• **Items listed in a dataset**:
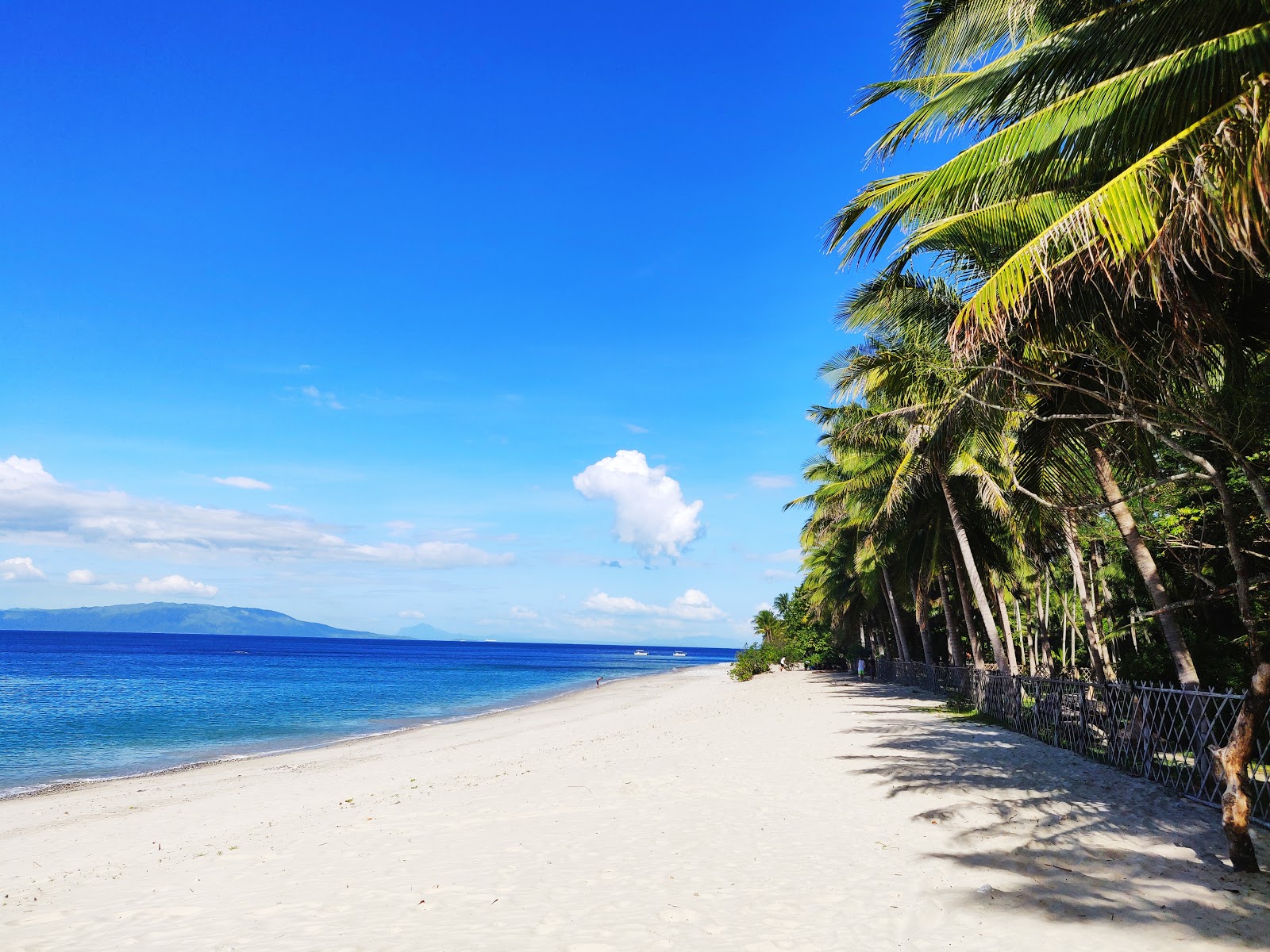 Aninuan Beach的照片 带有碧绿色纯水表面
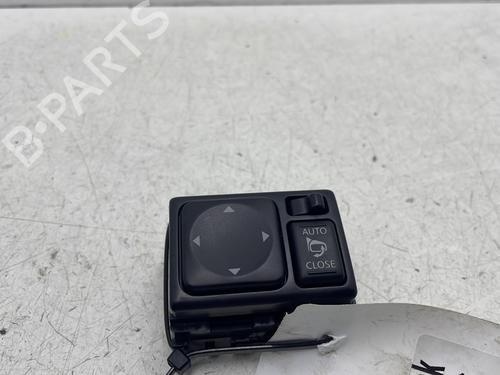 Commande retroviseurs NISSAN JUKE (F15) 1.2 DIG-T (115 hp) 31916685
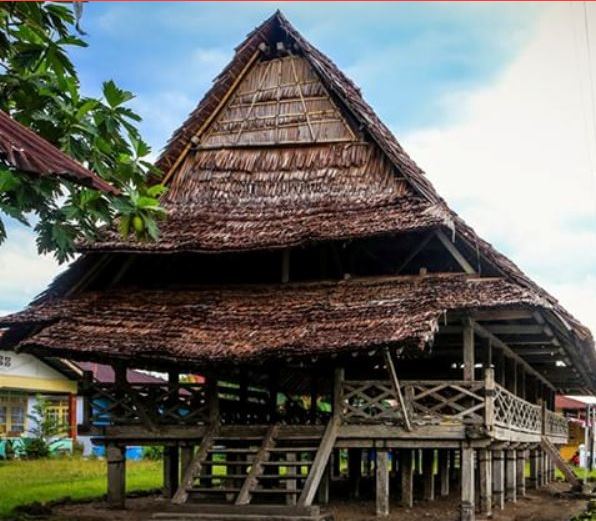  Rumah  Adat MALUKU Beserta Penjelasannya Gambar  LENGKAP 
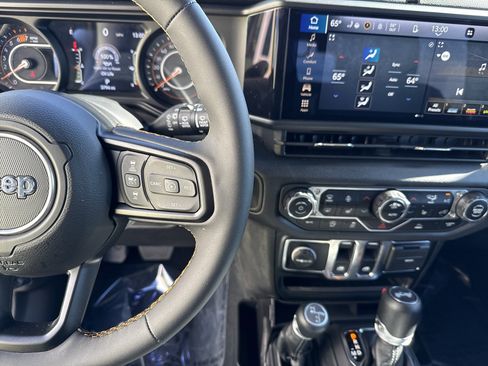 Used 2024 Jeep Wrangler Sport image 20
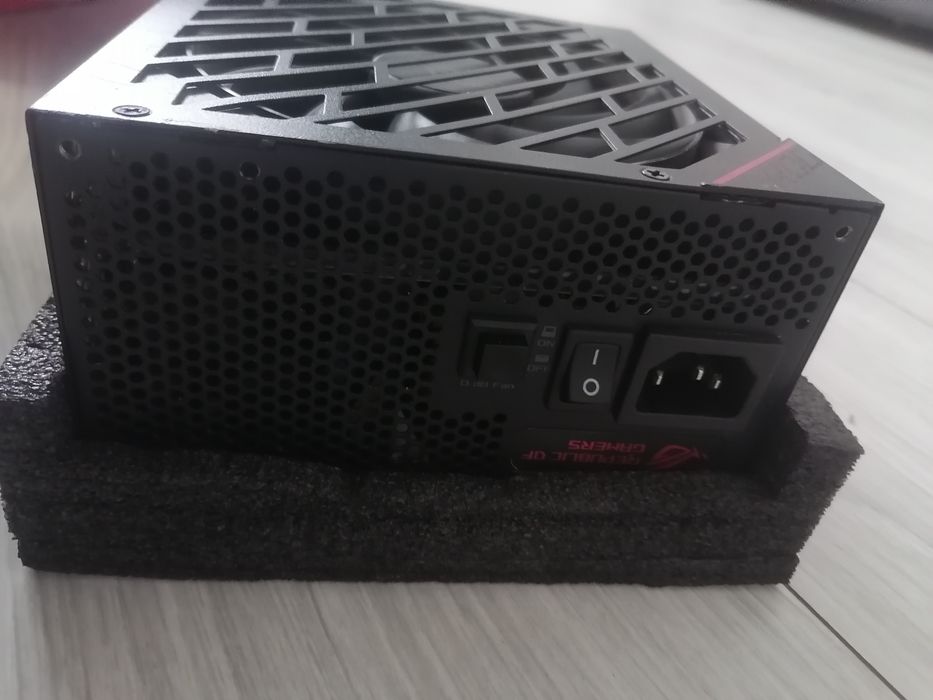 ASUS ROG Strix 850W 80+ Gold + cabluri originale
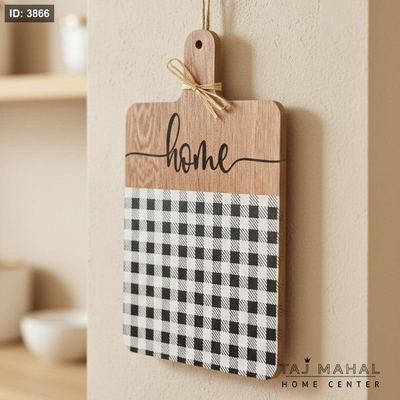 ديكور خشبي معلق بتصميم لوح تقطيع كاروهات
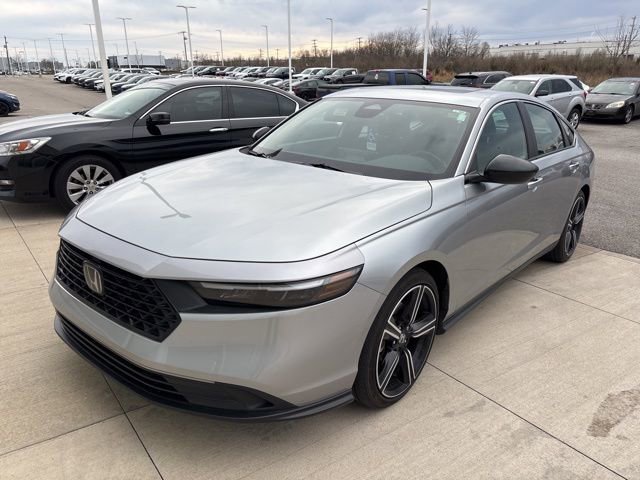 Used 2024 Honda Accord Sport image 2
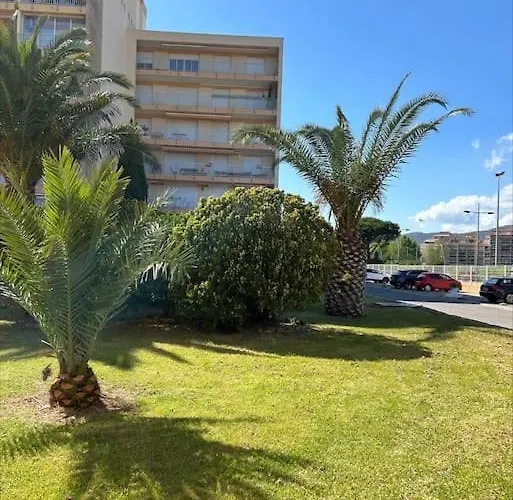 L'anjaure - Lavandou * Ле-Лаванду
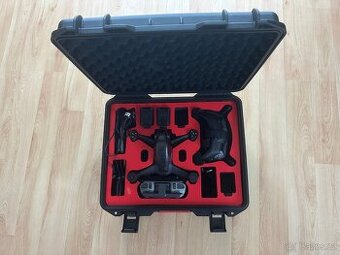 DJI FPV dron – kompletní set v kufru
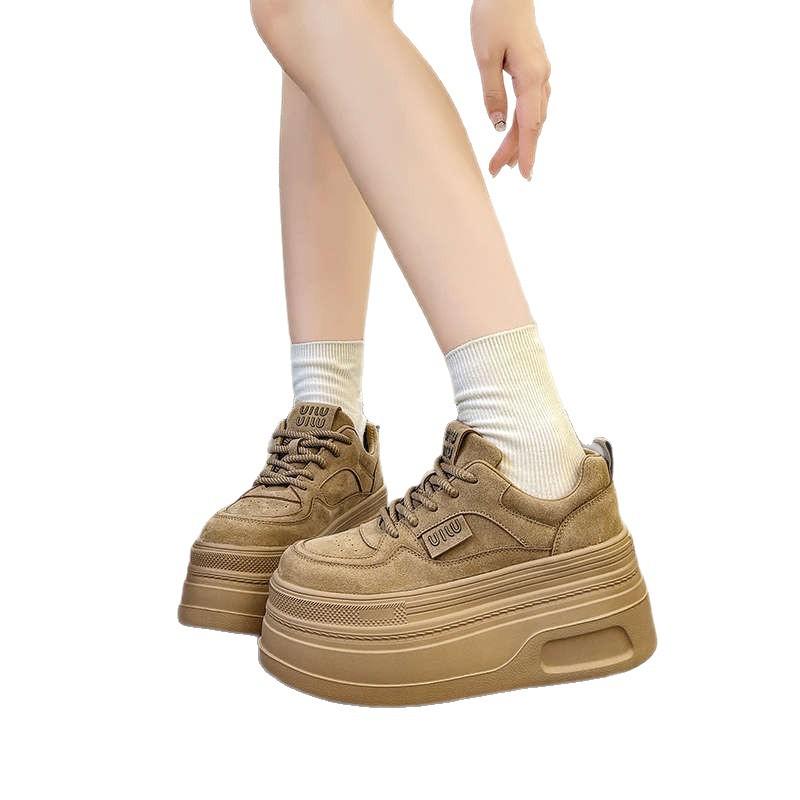 Retro muffin shoes women's Maillard lace-up casual shoes in the autumn of 2025, the new matte small man has a thick sole and increases the height.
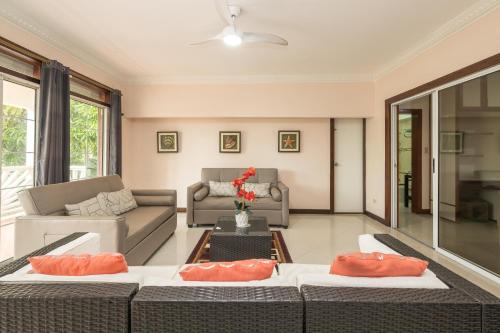 Dawn Beach Estate - 3 bedroom Apartment Villa villa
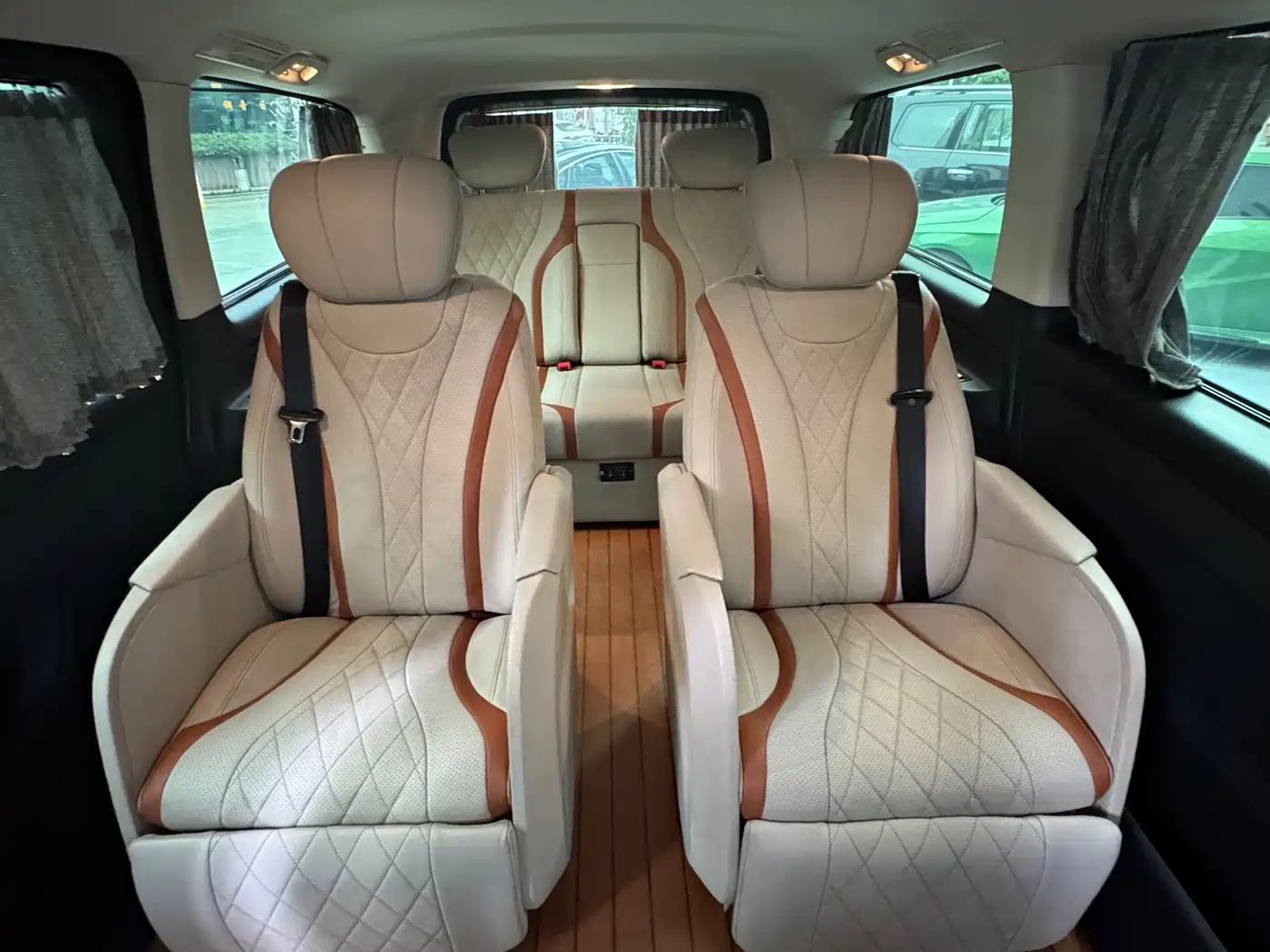 Mercedes-Benz Vito 2018 2.0T Elite Edition 7-Seater China V фото 14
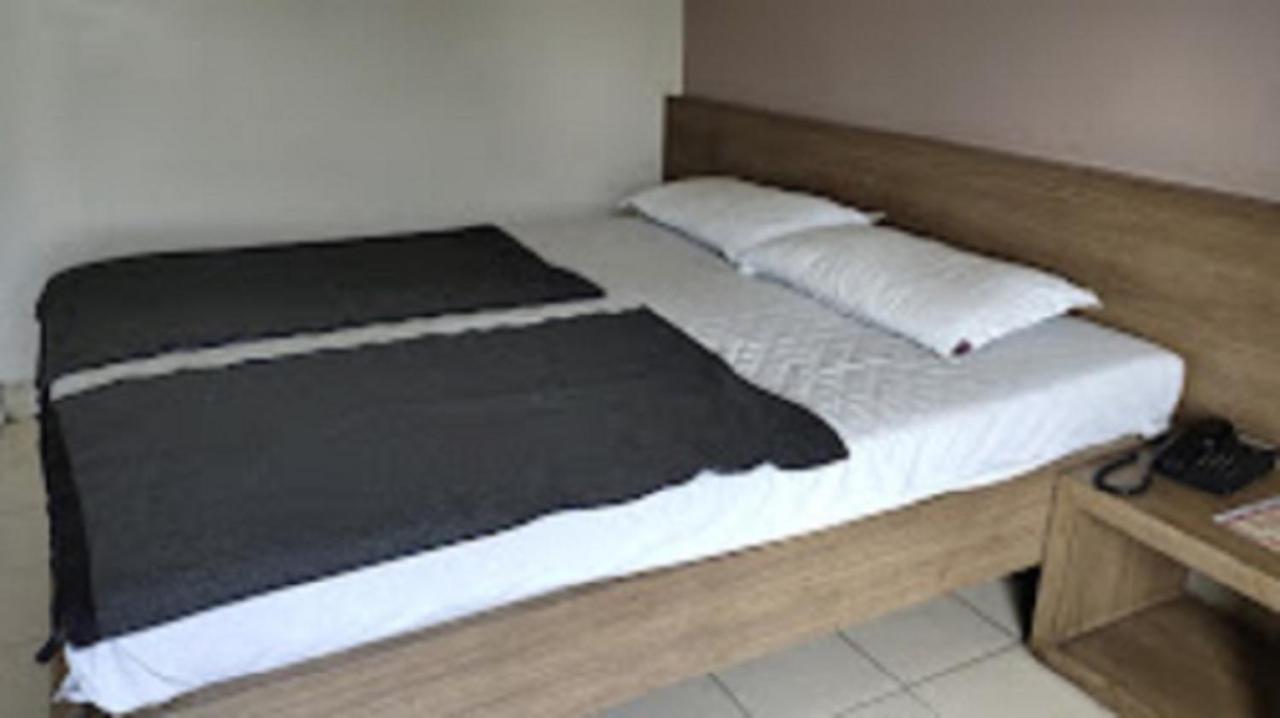 Hotel Abhishek ,Nashik Eksteriør billede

• **Exercise instructions**:
Extract, word for word, each line from the one that contains "Used 2024 Honda Accord Sport image 2" through the final line of the data above. Leave the pictures out.

• **Worked solution**:
 Used 2024 Honda Accord Sport image 2
 L'anjaure - Lavandou * Ле-Лаванду
 DJI FPV dron – kompletní set v kufru
 Retro muffin shoes women's Maillard lace-up casual shoes in the autumn of 2025, the new matte small man has a thick sole and increases the height.
 Dawn Beach Estate - 3 bedroom Apartment Villa villa
 Mercedes-Benz Vito 2018 2.0T Elite Edition 7-Seater China V фото 14
 Hotel Abhishek ,Nashik Eksteriør billede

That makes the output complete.